> [Problem details]: The lines from the start of the data through the line containing "Aktivni petak u Maksimiru 2019." are to be reproduced exactly, both ends included.

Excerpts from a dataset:
====
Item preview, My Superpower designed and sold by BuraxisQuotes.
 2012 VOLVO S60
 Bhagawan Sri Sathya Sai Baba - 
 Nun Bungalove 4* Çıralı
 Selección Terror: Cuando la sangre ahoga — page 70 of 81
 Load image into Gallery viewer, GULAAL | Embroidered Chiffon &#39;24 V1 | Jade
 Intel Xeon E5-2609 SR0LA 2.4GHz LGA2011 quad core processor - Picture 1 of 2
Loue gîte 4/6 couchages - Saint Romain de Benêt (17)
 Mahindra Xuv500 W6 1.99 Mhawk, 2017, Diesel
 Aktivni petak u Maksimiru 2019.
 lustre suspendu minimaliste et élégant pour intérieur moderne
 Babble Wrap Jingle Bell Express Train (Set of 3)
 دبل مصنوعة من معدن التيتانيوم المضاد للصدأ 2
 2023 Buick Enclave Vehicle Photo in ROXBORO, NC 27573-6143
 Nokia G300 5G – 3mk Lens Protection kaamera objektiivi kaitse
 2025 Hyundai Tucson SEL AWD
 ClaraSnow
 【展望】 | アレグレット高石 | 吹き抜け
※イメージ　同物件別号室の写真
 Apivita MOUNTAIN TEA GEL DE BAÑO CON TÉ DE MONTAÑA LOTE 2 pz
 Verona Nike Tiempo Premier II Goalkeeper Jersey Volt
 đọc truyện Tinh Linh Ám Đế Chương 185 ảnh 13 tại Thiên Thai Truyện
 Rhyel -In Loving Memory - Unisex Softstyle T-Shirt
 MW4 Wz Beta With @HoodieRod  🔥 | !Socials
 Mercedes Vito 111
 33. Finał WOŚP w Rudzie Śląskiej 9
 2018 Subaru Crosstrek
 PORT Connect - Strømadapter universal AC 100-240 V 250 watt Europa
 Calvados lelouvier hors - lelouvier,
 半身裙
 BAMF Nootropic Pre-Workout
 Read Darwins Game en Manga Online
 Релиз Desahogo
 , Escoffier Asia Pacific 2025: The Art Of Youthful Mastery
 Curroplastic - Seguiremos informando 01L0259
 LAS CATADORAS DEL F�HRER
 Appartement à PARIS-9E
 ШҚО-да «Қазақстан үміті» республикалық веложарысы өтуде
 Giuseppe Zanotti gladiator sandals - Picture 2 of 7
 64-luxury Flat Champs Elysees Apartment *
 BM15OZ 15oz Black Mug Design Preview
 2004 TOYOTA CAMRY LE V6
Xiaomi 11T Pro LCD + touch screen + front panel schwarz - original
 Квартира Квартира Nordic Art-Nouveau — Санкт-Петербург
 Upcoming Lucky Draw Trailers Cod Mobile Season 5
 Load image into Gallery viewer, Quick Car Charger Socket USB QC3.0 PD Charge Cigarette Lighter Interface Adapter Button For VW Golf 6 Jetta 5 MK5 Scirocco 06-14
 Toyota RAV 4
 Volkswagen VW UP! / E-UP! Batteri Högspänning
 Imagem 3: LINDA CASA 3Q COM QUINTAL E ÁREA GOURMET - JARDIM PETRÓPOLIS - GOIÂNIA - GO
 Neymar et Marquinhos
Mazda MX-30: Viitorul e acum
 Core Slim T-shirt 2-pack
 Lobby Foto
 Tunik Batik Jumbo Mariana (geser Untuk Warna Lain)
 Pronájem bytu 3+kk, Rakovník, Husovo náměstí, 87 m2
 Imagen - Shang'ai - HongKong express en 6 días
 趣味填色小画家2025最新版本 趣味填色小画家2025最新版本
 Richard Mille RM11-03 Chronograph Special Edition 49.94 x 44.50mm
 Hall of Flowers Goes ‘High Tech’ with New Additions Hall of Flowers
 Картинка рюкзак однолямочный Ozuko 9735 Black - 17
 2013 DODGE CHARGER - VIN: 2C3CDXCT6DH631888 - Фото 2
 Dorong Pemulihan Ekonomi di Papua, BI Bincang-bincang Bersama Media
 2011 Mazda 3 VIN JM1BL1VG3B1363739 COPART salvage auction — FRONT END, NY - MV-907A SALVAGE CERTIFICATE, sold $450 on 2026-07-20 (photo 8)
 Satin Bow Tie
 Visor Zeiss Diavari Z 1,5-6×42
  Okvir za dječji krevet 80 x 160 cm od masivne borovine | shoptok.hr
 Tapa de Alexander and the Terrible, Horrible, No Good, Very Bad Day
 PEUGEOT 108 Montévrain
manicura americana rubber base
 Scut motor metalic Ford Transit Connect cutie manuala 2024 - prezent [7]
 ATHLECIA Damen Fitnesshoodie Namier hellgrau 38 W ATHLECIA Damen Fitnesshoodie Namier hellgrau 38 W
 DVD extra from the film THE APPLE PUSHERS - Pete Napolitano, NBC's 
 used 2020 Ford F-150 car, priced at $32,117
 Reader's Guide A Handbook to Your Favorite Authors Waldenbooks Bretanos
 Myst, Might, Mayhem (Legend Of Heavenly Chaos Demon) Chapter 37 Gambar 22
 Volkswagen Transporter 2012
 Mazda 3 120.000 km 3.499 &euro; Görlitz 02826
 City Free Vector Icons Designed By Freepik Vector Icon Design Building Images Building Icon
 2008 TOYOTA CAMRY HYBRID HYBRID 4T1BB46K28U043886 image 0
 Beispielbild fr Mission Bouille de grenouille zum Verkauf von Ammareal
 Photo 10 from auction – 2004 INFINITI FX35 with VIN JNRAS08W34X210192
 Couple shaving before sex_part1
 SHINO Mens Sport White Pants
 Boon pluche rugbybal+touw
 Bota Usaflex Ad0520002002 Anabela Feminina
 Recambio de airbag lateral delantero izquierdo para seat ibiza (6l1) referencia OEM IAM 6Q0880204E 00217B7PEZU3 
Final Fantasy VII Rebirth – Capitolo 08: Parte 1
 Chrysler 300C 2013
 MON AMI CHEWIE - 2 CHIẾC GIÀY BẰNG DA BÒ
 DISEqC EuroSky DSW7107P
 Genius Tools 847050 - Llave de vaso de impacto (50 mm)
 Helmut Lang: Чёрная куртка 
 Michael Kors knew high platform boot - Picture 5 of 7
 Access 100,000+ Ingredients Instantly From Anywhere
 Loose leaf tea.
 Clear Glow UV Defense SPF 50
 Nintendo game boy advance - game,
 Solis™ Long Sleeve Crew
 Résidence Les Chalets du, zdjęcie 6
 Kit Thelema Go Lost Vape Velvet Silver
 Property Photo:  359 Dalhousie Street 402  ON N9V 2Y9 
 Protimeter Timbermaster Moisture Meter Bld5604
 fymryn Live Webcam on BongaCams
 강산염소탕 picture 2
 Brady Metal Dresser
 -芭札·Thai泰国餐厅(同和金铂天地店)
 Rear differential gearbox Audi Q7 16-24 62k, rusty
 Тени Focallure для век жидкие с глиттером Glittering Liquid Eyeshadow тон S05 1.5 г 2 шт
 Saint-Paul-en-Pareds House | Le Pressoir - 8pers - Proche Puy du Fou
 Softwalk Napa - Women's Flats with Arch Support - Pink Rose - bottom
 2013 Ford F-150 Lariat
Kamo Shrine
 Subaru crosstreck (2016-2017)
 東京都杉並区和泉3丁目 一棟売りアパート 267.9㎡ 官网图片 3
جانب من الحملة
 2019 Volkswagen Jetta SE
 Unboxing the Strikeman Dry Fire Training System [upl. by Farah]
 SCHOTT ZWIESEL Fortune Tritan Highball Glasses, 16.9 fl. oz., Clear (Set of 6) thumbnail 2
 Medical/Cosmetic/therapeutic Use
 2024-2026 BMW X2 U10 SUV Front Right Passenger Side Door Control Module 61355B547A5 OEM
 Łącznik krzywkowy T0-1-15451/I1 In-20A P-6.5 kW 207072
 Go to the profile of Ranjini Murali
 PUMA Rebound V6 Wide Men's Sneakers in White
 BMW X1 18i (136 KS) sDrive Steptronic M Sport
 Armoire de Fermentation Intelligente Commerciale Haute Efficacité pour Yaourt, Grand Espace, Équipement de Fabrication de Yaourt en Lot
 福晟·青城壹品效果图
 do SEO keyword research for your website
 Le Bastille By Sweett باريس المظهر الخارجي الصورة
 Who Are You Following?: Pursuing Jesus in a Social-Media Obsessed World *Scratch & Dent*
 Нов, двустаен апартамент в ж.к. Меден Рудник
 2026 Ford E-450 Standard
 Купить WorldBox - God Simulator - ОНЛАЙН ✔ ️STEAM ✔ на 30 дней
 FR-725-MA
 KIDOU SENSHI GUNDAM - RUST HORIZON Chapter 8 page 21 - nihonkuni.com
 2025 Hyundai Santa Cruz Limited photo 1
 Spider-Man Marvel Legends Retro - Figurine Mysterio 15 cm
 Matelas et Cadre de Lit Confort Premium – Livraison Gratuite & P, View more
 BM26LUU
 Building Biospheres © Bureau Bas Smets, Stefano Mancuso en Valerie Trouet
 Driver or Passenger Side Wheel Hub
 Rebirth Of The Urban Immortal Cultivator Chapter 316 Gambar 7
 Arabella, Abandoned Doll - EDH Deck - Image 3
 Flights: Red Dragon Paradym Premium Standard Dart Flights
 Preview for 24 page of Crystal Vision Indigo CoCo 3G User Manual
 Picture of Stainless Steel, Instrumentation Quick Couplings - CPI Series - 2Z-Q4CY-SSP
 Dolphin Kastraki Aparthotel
====
> [Solution to the problem]:
Item preview, My Superpower designed and sold by BuraxisQuotes.
 2012 VOLVO S60
 Bhagawan Sri Sathya Sai Baba - 
 Nun Bungalove 4* Çıralı
 Selección Terror: Cuando la sangre ahoga — page 70 of 81
 Load image into Gallery viewer, GULAAL | Embroidered Chiffon &#39;24 V1 | Jade
 Intel Xeon E5-2609 SR0LA 2.4GHz LGA2011 quad core processor - Picture 1 of 2
Loue gîte 4/6 couchages - Saint Romain de Benêt (17)
 Mahindra Xuv500 W6 1.99 Mhawk, 2017, Diesel
 Aktivni petak u Maksimiru 2019.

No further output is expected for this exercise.